April 11, 1955: Former U.S. Rep. John Nelson, a Colby College trustee, dies in Augusta at the age of 80.

While in Congress, Nelson, a Republican, drew notice for refusing to sign a committee report calling for denying citizenship to naturalized communists.

A China native and Colby College and University of Maine School of Law graduate, Nelson worked four years as principal of Waterville High School before being admitted to the bar and practicing law.

U.S. Rep. John E. Nelson Biographical Directory of the United States Congress

He represented Maine’s Third Congressional District from 1922 to 1933. He gained the seat by winning a special election to replace John A. Peters, whom President Warren Harding had appointed to be a federal judge.

In 1931, Nelson served on a special House panel that conducted an eight-month study of communism in the United States. Most on the panel recommended outlawing the Communist Party, that all noncitizen communists in the U.S. be deported and that no others be allowed to enter the country. Nelson, while condemning communism, disagreed with his committee colleagues’ notion of what to do about it.
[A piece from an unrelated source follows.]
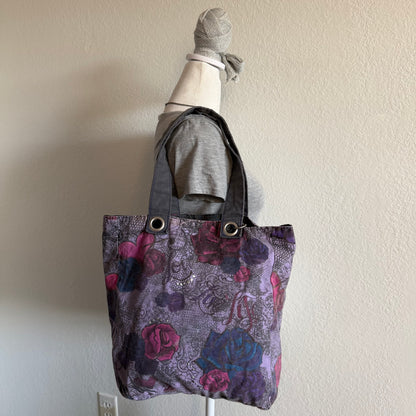 Grunge rose shoulder tote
“The solution to this problem,” he wrote in a minority report, according to the Kennebec Journal, “lies in the wisdom of our legislators and the unselfishness of our industrialists. In proportion as we work our economic justice here in America and so order our social system that labor shall share in the economic life of the (nation) as fully and fairly as it now shares in its social and political life, in just that proportion will radicalism fail of its own inanition and the threat of communism cease to disturb us.”

At the time of Nelson’s death, his son Charles P. Nelson (1907-1962) occupies his old House seat in Washington. A Colby graduate and Republican lawyer like his father, the younger Nelson serves four two-year terms, from 1949 to 1957.

John Nelson’s longtime home on Winthrop Street in Augusta was the 19th century home of another prominent political leader – Lot Morrill (1813-1883), who was Maine’s governor, a U.S. senator from Maine, and U.S. treasury secretary.